ABOUT THIS TASK: Exactly the lines from the line with "In dem neuen" through the final line of the records below, both ends included, are to be set down. Do not include pictures.

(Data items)
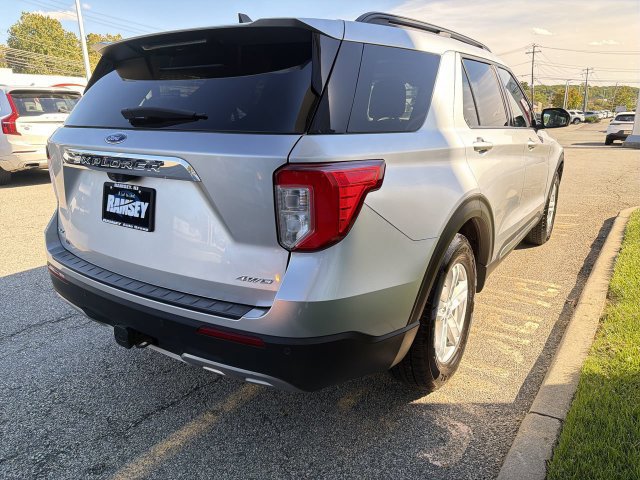 Used 2021 Ford Explorer XLT w/ Equipment Group 202A AWD/4WD image 8
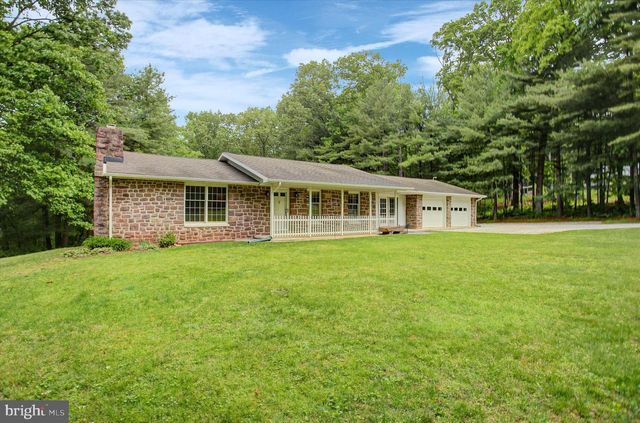 3501 COLONIAL RD, Dover, PA 17315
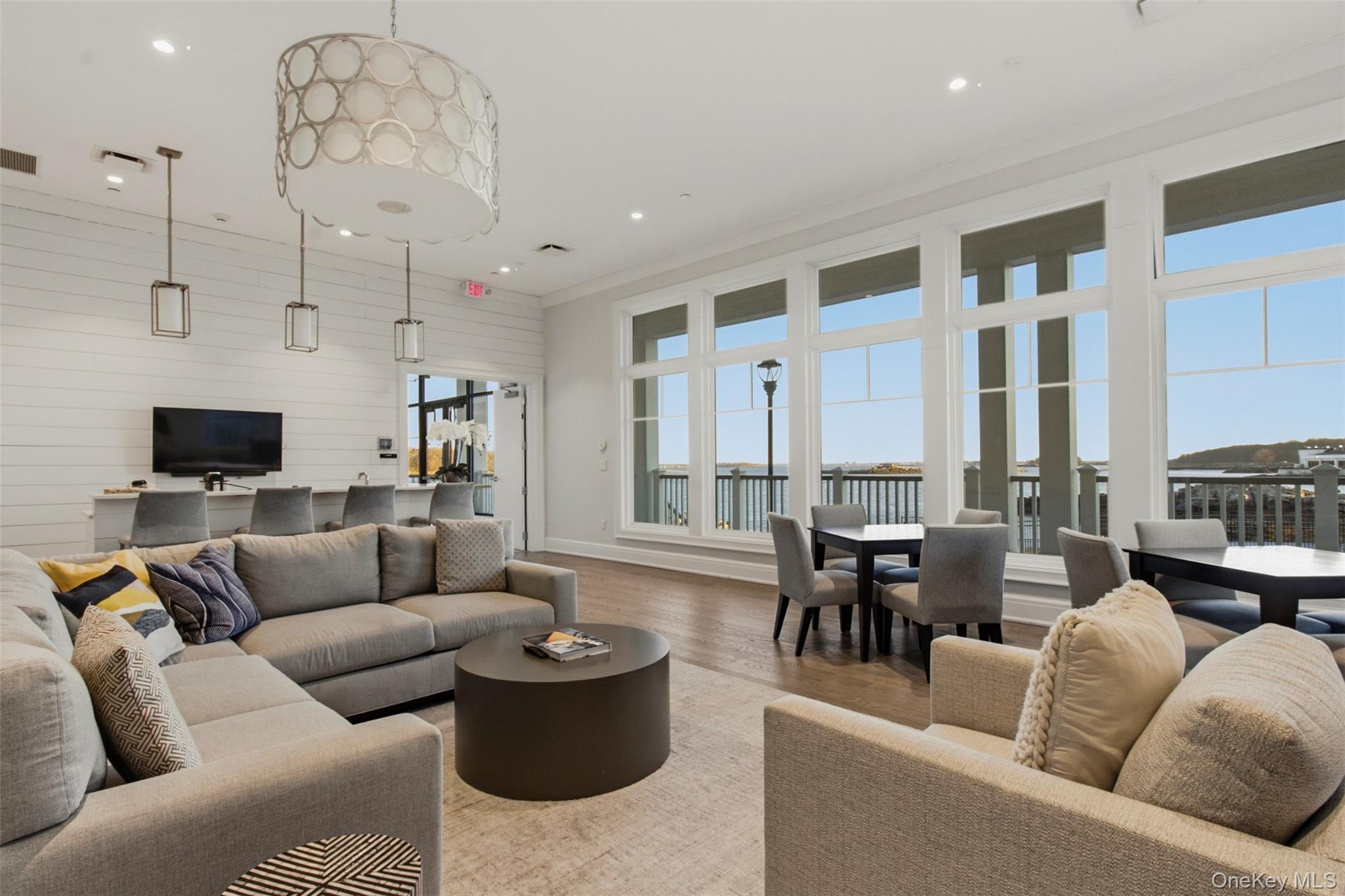 Condo Davenport  Westchester County, NY 10805, MLS-975427-25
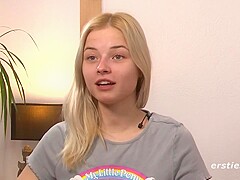 Cute Babe Prepares To Masturbate With Her Toy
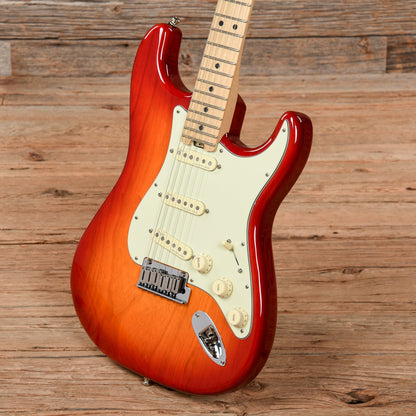 Fender American Elite Stratocaster Cherry Sunburst 2016 Electric Guitars / Solid Body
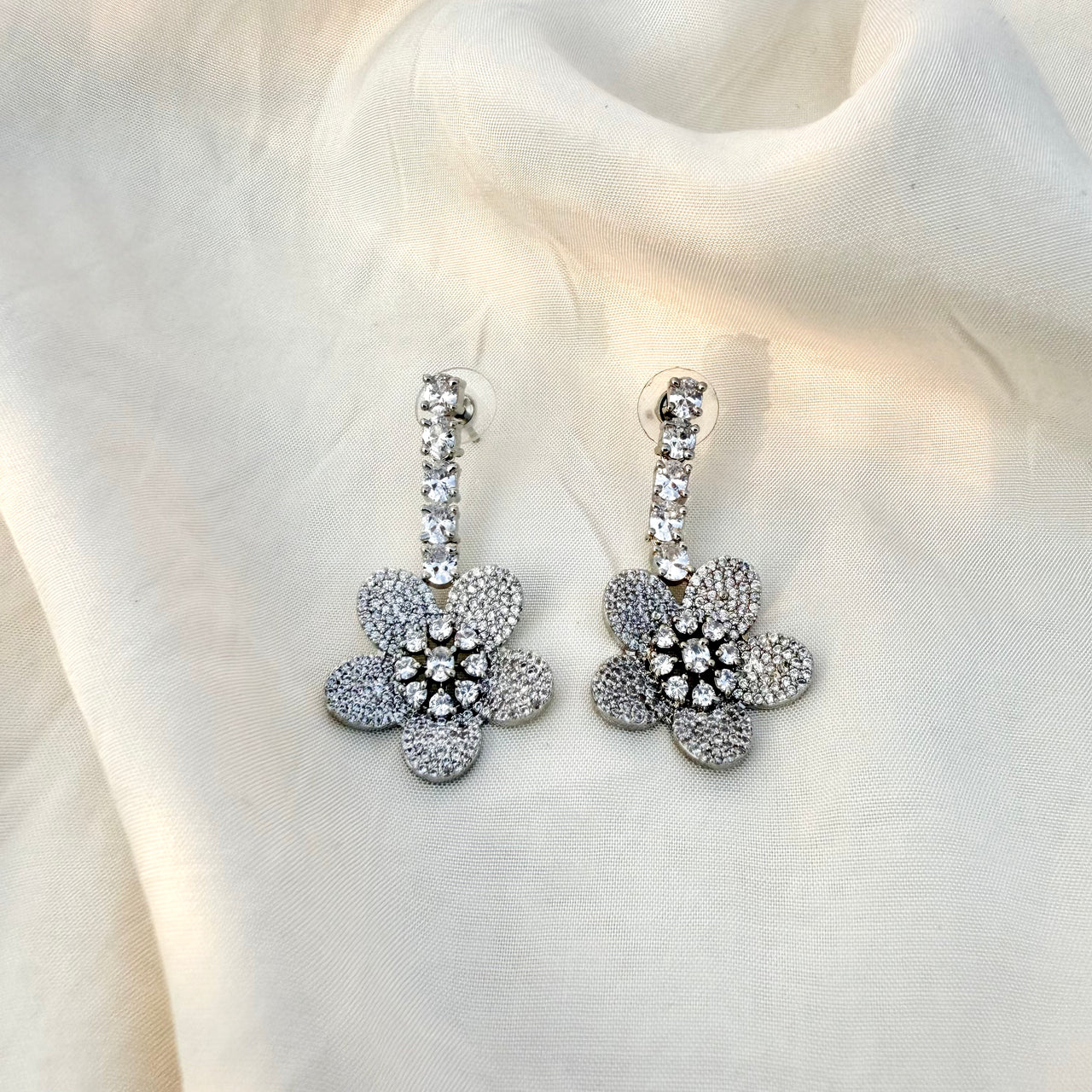 Sparkling Floral Drop Earrings – Lightweight Statement Jewelry for Women, Perfect Gift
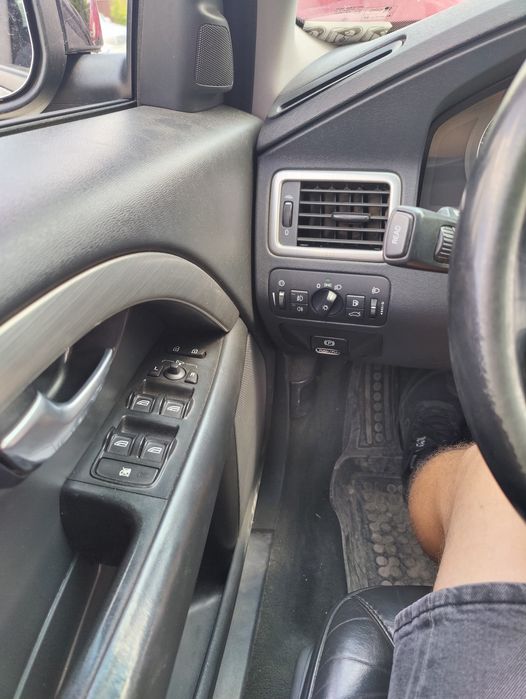 VOLVO V70 2010 — imagine 4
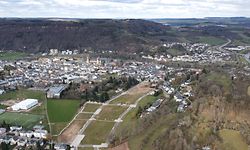In dem neuen Baugebiet sind Straßen und Versorgungsleitungen fertig. Die Bauwilligen können demnächst loslegen. 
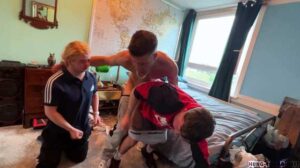 Jordan Green with another muscle stud, but ends up being the bottom bitch! I like to go somewhere warm when winter arrives. I hate cold weather.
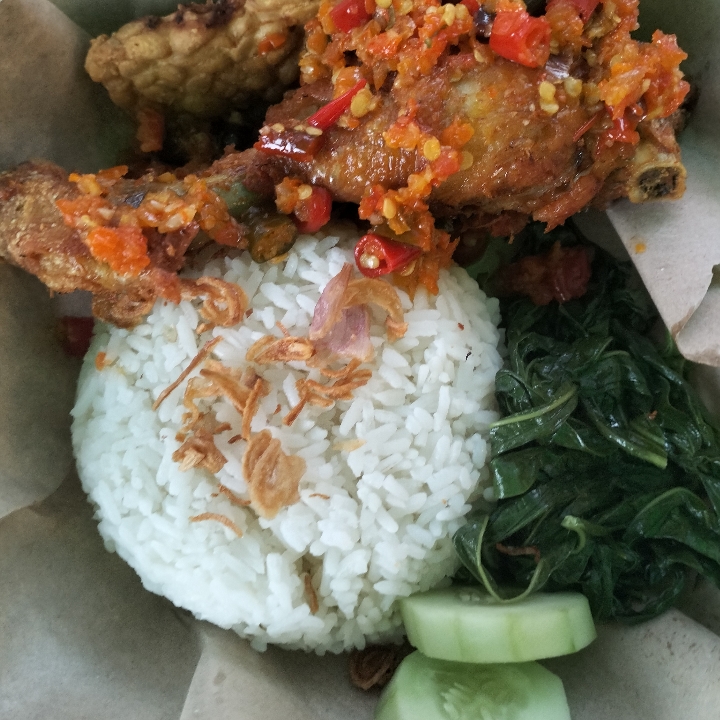 AYAM GORENG SIRAMBE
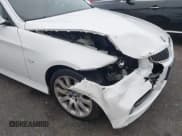 ✅ 2006 BMW 3 Series 330i • VIN: WBAVB33546KS37853 • Лот: 43519154. Опубликован ранее на IAAI с пробегом 130 142 миль. Бесплатный доступ к архиву аукционных продаж из США и подробный отчёт об истории автомобиля на DreamBid. Изображение 17.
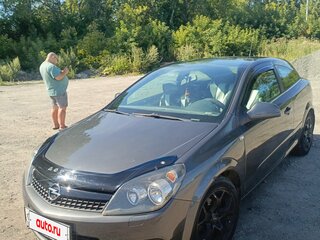 2011 Opel Astra GTC H Рестайлинг, серый, 520000 рублей, вид 1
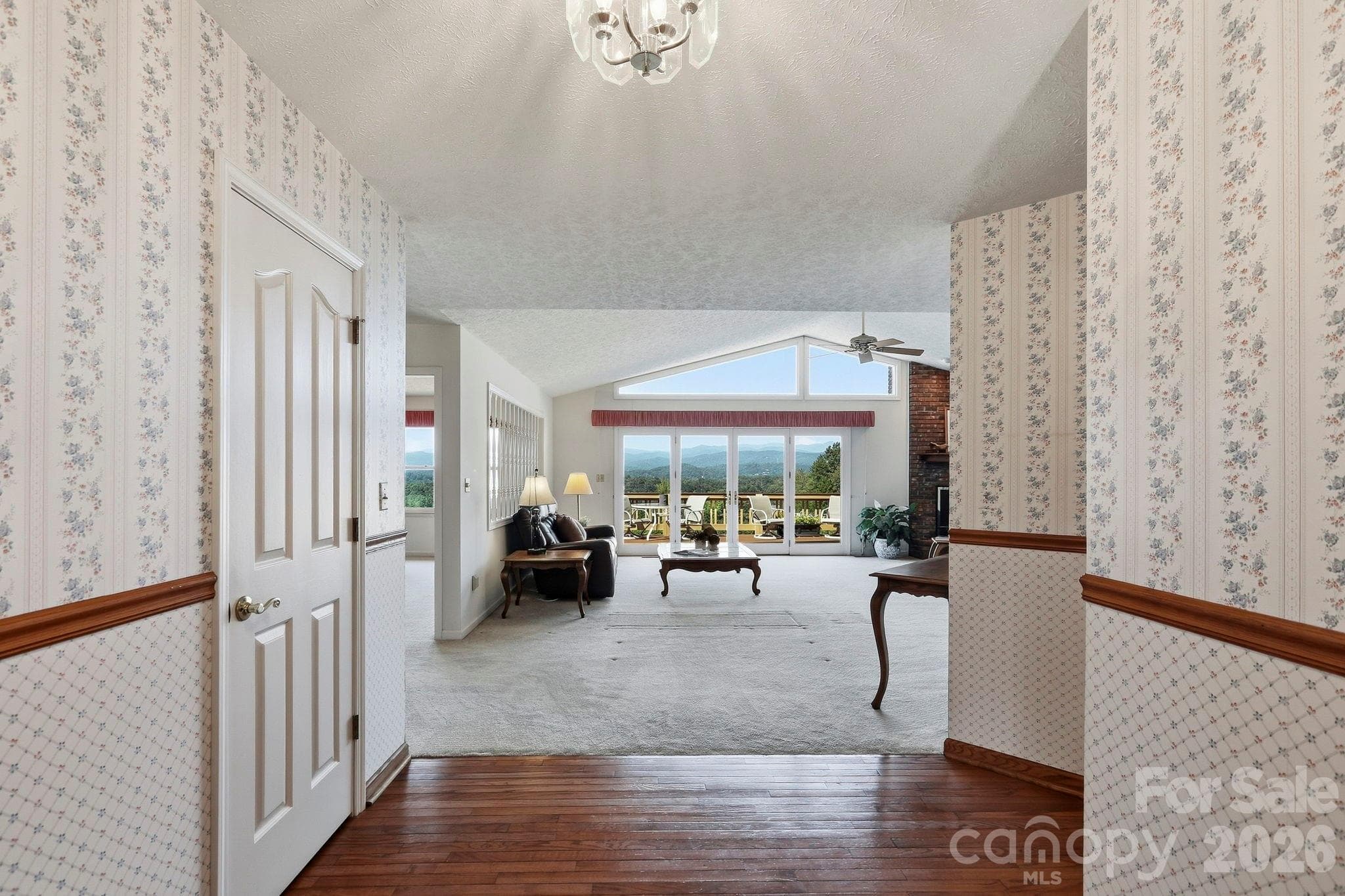 Inviting entryway, bright natural light - 244 Mountain Valley Drive, Hendersonville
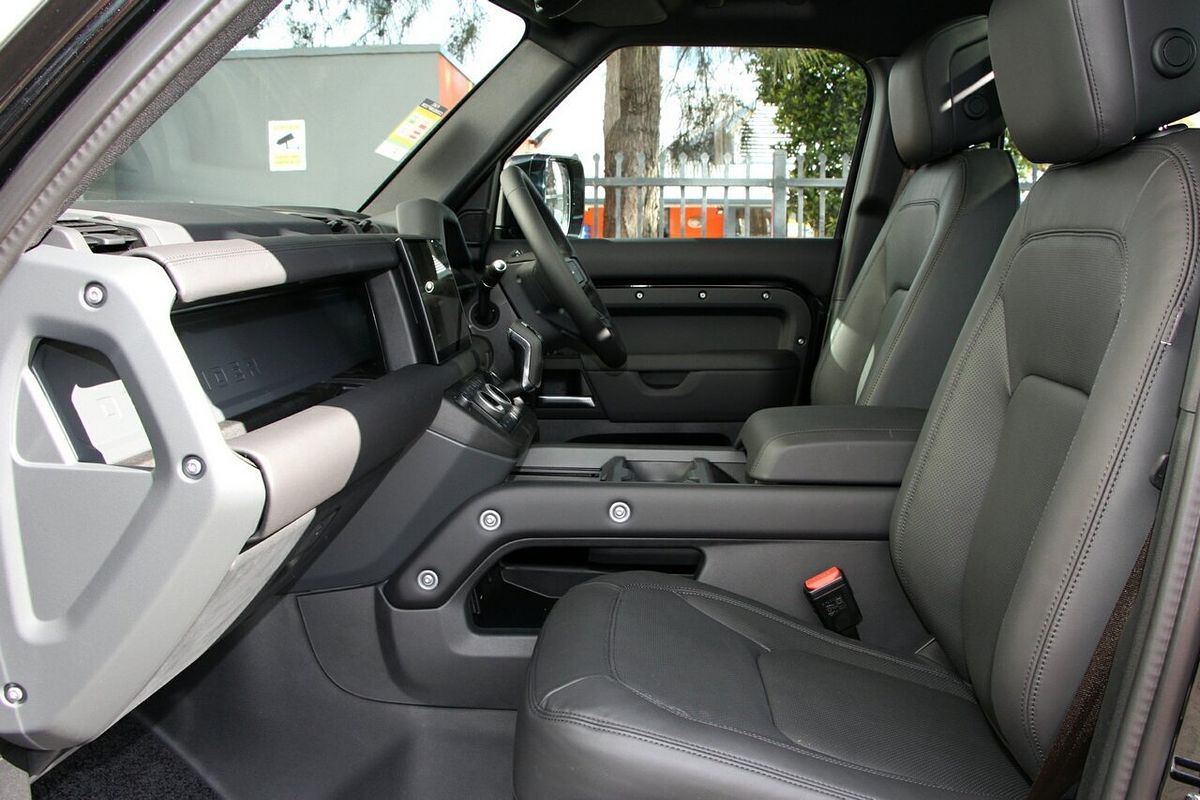 2025 Land Rover Defender 110 D350 X-Dynamic HSE L663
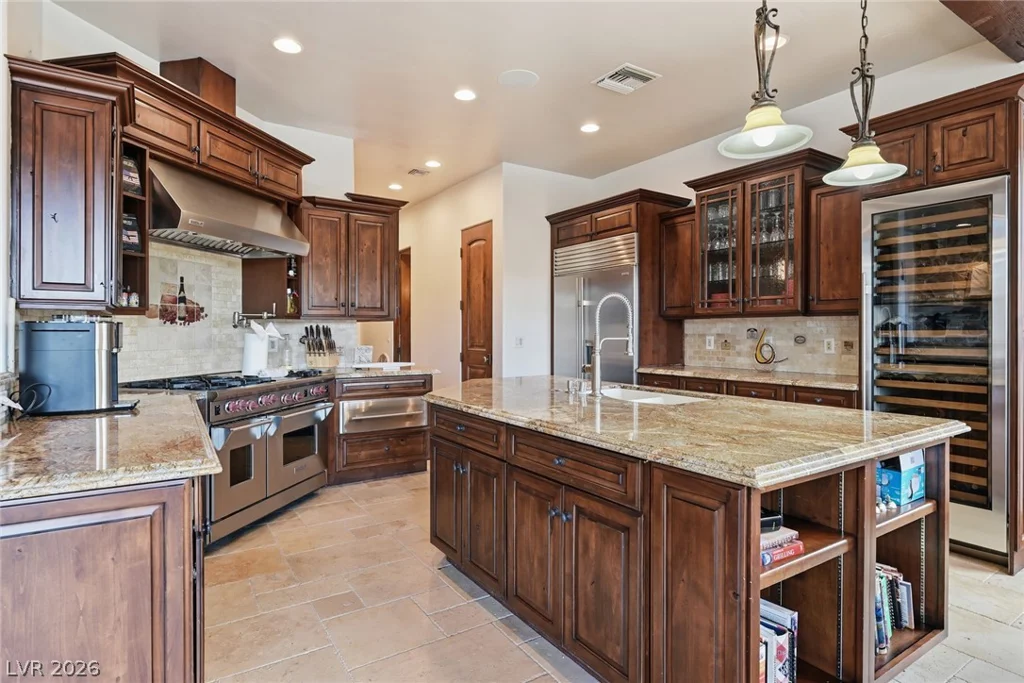 9 Via Del Garda, Henderson, NV 89011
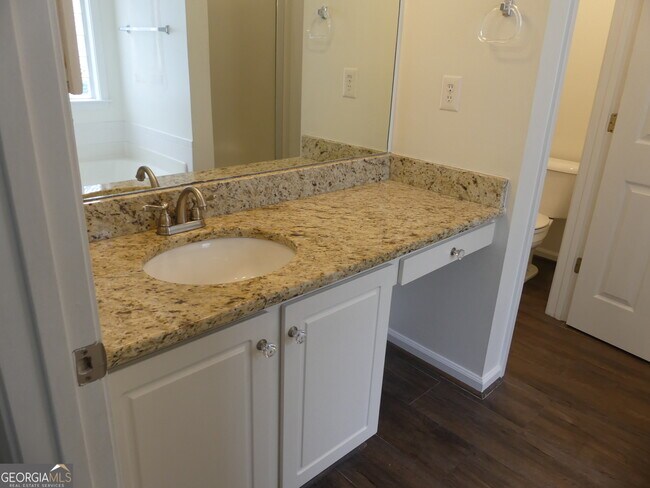 Building Photo - 36 Saratoga Pl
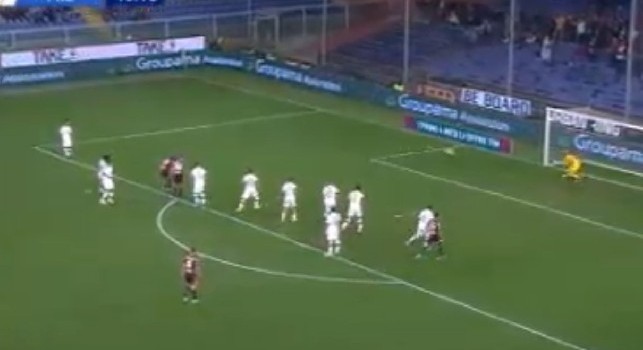 Genoa-Milan, clamorosa <i>papera</i> di Reina sulla punizione di Schone: 1 a 0 per i rossoblu [VIDEO]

RESPONSE:
In dem neuen Baugebiet sind Straßen und Versorgungsleitungen fertig. Die Bauwilligen können demnächst loslegen. 
 Jordan Green with another muscle stud, but ends up being the bottom bitch! I like to go somewhere warm when winter arrives. I hate cold weather.
 AYAM GORENG SIRAMBE
 ✅ 2006 BMW 3 Series 330i • VIN: WBAVB33546KS37853 • Лот: 43519154. Опубликован ранее на IAAI с пробегом 130 142 миль. Бесплатный доступ к архиву аукционных продаж из США и подробный отчёт об истории автомобиля на DreamBid. Изображение 17.
 2011 Opel Astra GTC H Рестайлинг, серый, 520000 рублей, вид 1
 Inviting entryway, bright natural light - 244 Mountain Valley Drive, Hendersonville
 2025 Land Rover Defender 110 D350 X-Dynamic HSE L663
 9 Via Del Garda, Henderson, NV 89011
 Building Photo - 36 Saratoga Pl
 Genoa-Milan, clamorosa <i>papera</i> di Reina sulla punizione di Schone: 1 a 0 per i rossoblu [VIDEO]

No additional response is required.